PAS D’HUMANITÉ SANS MYSTIQUEJe voudrais vous partager une lecture récente qui m’a donné à penser. Il s’agit d’une conférence d’Emmanuel Gabellieri sur la philosophe Simone Weil, morte en 1943 (à ne pas confondre avec sa quasi homonyme l’ancienne ministre Simone Veil). Ayant rejoint la France libre à Londres en 1942, Simone Weil s’interrogeait sur la manière la plus adéquate de répondre au totalitarisme nazi. Et elle était convaincue qu’il ne suffisait pas de combattre Hitler avec les seuls moyens de la guerre classique, mais qu’il fallait répondre à la mystique hitlérienne par une autre mystique.
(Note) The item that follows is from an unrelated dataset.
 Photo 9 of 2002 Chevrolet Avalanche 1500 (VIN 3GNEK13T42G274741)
En effet, pour elle – et c’est le point essentiel, qui choqua beaucoup de gens à l’époque – le nazisme proposait une mystique, et c’était elle qui fanatisait les jeunes SS. Elle écrit à leur sujet : « prêts non seulement à risquer leur vie, mais à mourir, [ils] sont animés par une autre inspiration que le reste de l’armée [allemande], une inspiration qui ressemble à une foi, à un esprit religieux. »
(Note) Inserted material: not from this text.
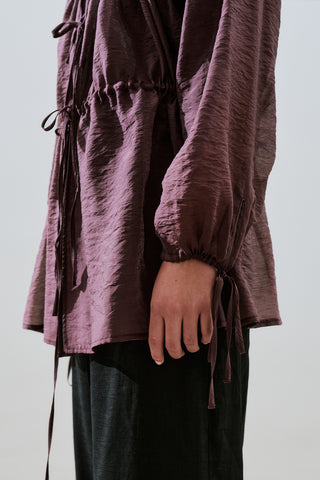 Ruched Tie Blouse Burgundy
Pour répondre autrement que par les armes à cette mystique qui poussait au sacrifice total, Simone Weil suggérait de proposer une autre mystique dans ce qu’elle qualifiait de « guerre spirituelle ». Son idée était celle d’un corps d’infirmières « de première ligne » qui non seulement soigneraient les blessés, mais opposeraient au fanatisme des SS un service d’humanité et un esprit de sacrifice animé, non par le culte de la force, mais par ce qu’elle appelait une « tendresse maternelle ».
Le projet de Simone Weil fut rejeté d’emblée, et de Gaulle la traita de « folle ». Elle devait d’ailleurs mourir quelques mois plus tard. Mais ce qui m’a touché en découvrant cette initiative effectivement peu réaliste, c’est qu’elle met en lumière une des plus tragiques déficiences de notre époque. La jeunesse, qu’elle en soit ou non consciente, est toujours à la recherche d’une mystique. Et le moins qu’on puisse dire est que notre société ne lui propose rien de tel… Comment s’étonner que certains soient fascinés par les discours terroristes, ou se muent dans nos « quartiers sensibles » en chefs de bande et en assassins potentiels ? Il y a certes des fausses mystiques, des mystiques de mort, mais il n’y a pas d’humanité sans mystique : ne pas proposer de mystique, c’est à coup sûr entraîner vers la mort.